[Material to process Boundary: Start]

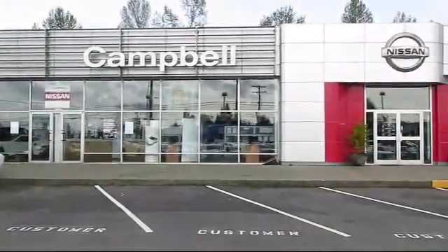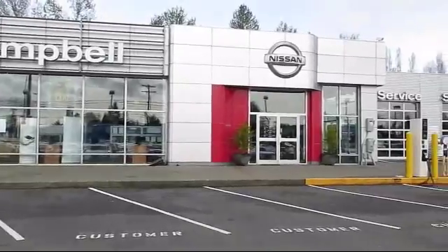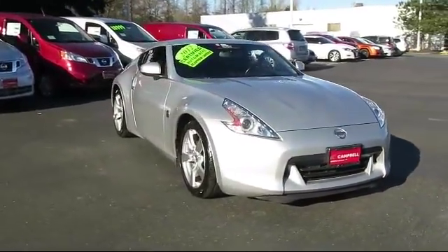Welcome to Campbell Nissan of Everett, and here's a look at another one of our pre-owned vehicles from our great selection of cars, trucks, and SUVs.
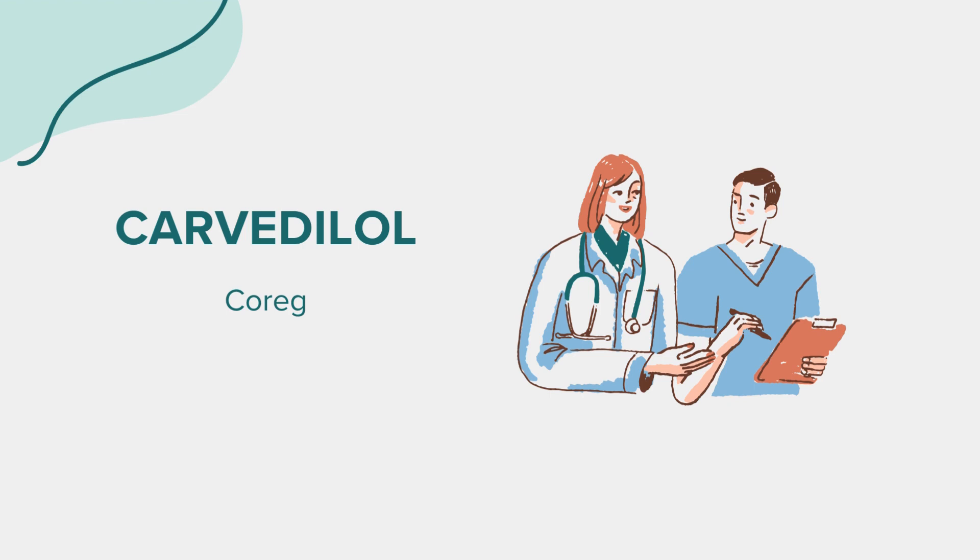Like any medication, Carvedilol may cause side effects. Common side effects include dizziness, tiredness, weakness, and low blood pressure, especially when standing up from a sitting or lying position. Some individuals may experience cold hands or feet, diarrhea, nausea, vomiting, and changes in weight. These side effects are usually mild and may subside with time as your body adjusts to the medication.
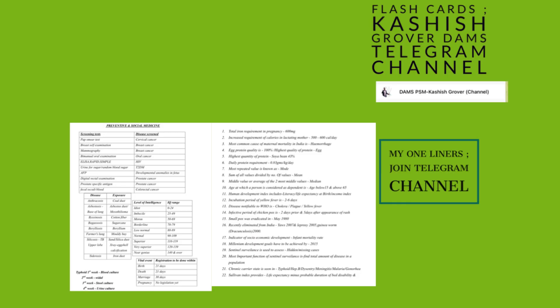Coming to the flashcards and one-page notes I used during preparation: I used Dr. Cassis Grover's Telegram channel — he is a DAMP faculty who has made a lot of flashcards that are really useful, conducts quizzes, and posts PSM updates. Additionally, I used a one-liner PDF of PSM for volatile topics covering tables and flowcharts — for example, tables on screening tests with diseases covered, occupational diseases, and similar topics. These volatile topics can vanish from memory quickly, so revisit and revise them multiple times. I will share this one-liner PDF in my Telegram channel — the link is in the description box.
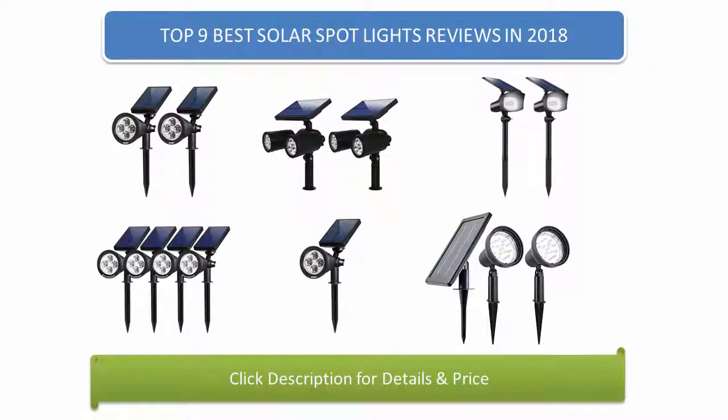Find the best solar spotlights in 2018 at Amazon. We analyzed consumer reviews to find the top rated products. I am going to review the top 9 best solar spotlights on the market in 2018.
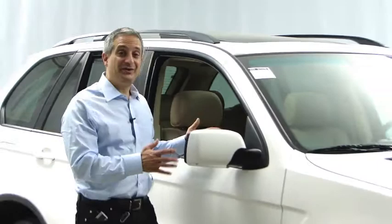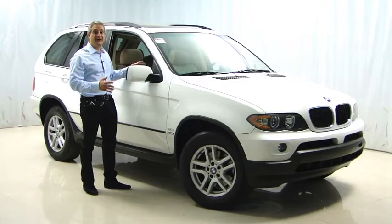Hi, my name is Alan Sahagian and welcome to Perillo BMW. Today I want to show you this 2006 BMW X5 3.0, only 33,000 miles, and it's BMW certified.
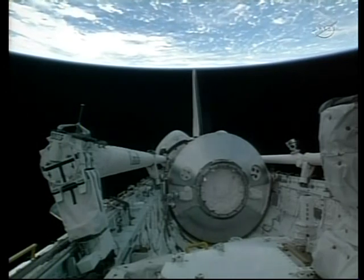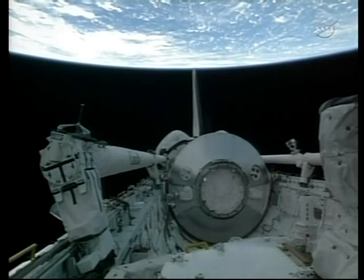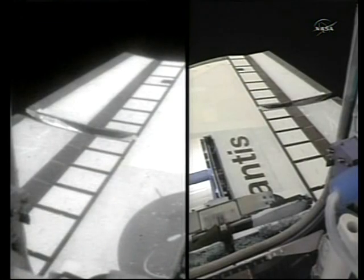For this we'll use auxiliary power unit number one. It will be fired up to ensure that we have a good hydraulic system to drive the ailerons, the elevons, the speed brake, and all of the aerosurfaces of Atlantis.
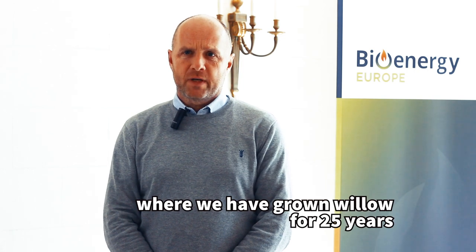My name is Henrik Back. I am a short rotation coppice farmer, on a farm in Denmark, where we have been doing this for 25 years.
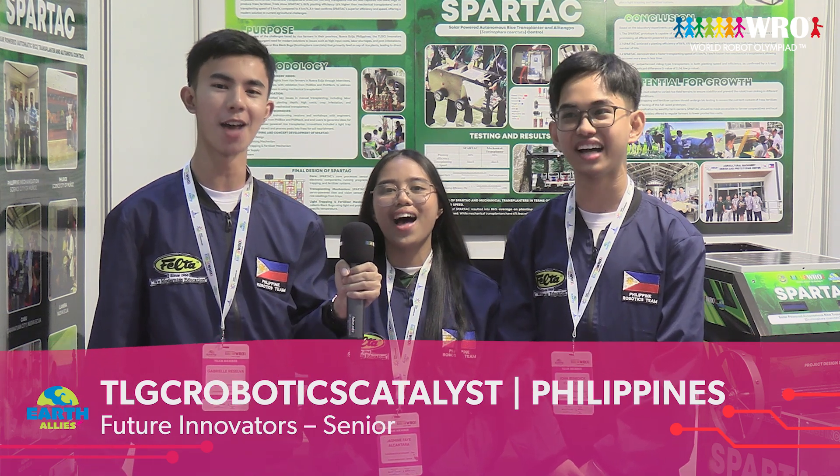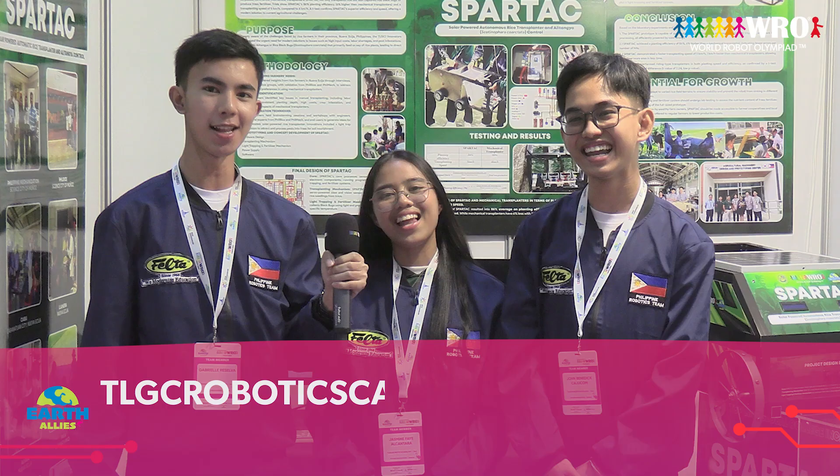Good day, dear visitors, welcome to our booth. We are the TLGC Robotics Catalyst Team, proudly representing Toppling Global College at this World Robot Olympiad 2024 with the team Earth Allies.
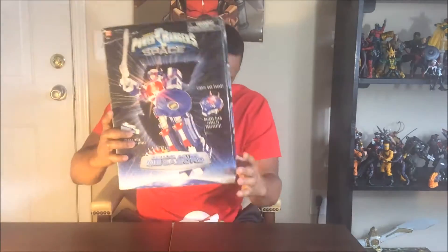Alright fellow YouTubers, Kevin Craig Depp with Toy Story 2. This time we're going to do a review on something that I grew up watching — it is the Astro Megazord. I actually have always wanted this when I was younger.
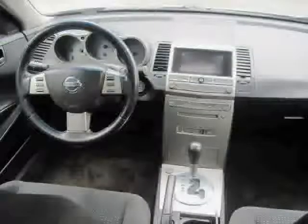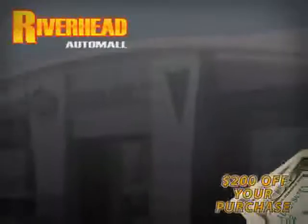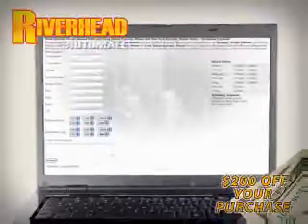Driven with care for 97,700 miles makes this Maxima an easy choice for you. We hope to see you soon and make you a part of the Riverhead Auto Mall family, where every car comes equipped with a $200 savings check off your purchase when you schedule your appointment online. Riverhead Auto Mall will earn your business.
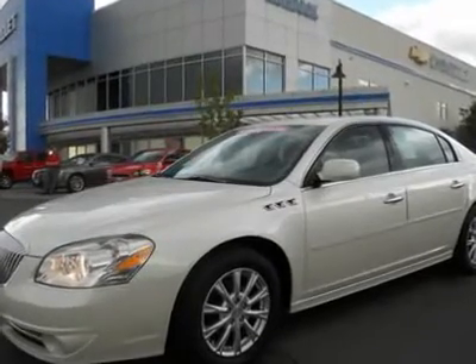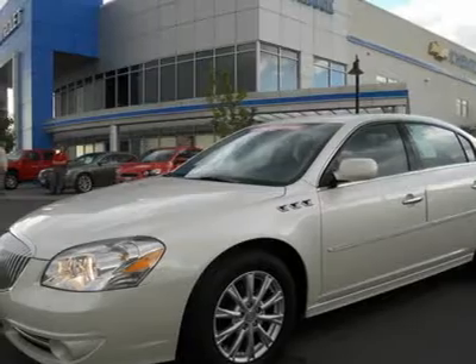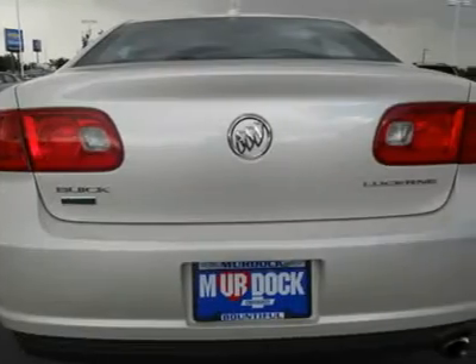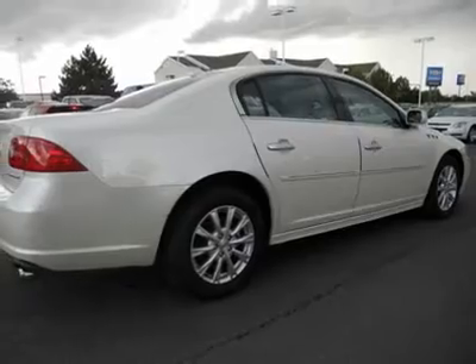2011 Buick Lucerne CX with 26,000 miles, white with light gray cloth interior, equipped with power seat, front bench, and the remainder of Buick's 4-year/50,000-mile bumper-to-bumper warranty.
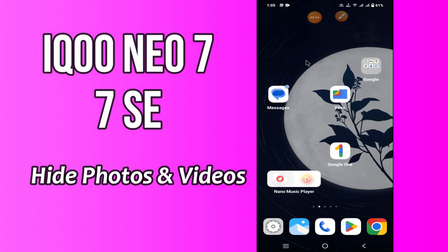But before we start, don't forget to hit the red subscribe button and the bell icon to stay updated. Now watch this video and you will learn how to hide photos and videos in Ico News 7 and 7SC.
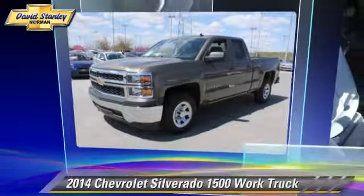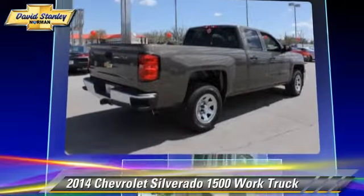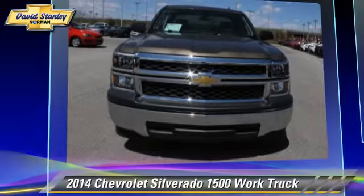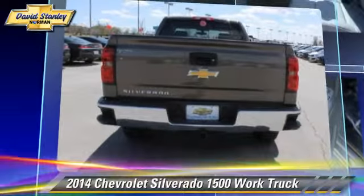The 2014 Chevrolet Silverado 1500. This is a pickup truck powered by a V6 4.3-liter engine with a six-speed automatic transmission. This pickup truck is well-equipped.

[Material to process Boundary: End]

Work request => Exact repeats of the lines from the first one in the data through the line containing "Like any medication, Carvedilol" make up the answer. Pictures do not.

Task output =>
Welcome to Campbell Nissan of Everett, and here's a look at another one of our pre-owned vehicles from our great selection of cars, trucks, and SUVs.
Like any medication, Carvedilol may cause side effects. Common side effects include dizziness, tiredness, weakness, and low blood pressure, especially when standing up from a sitting or lying position. Some individuals may experience cold hands or feet, diarrhea, nausea, vomiting, and changes in weight. These side effects are usually mild and may subside with time as your body adjusts to the medication.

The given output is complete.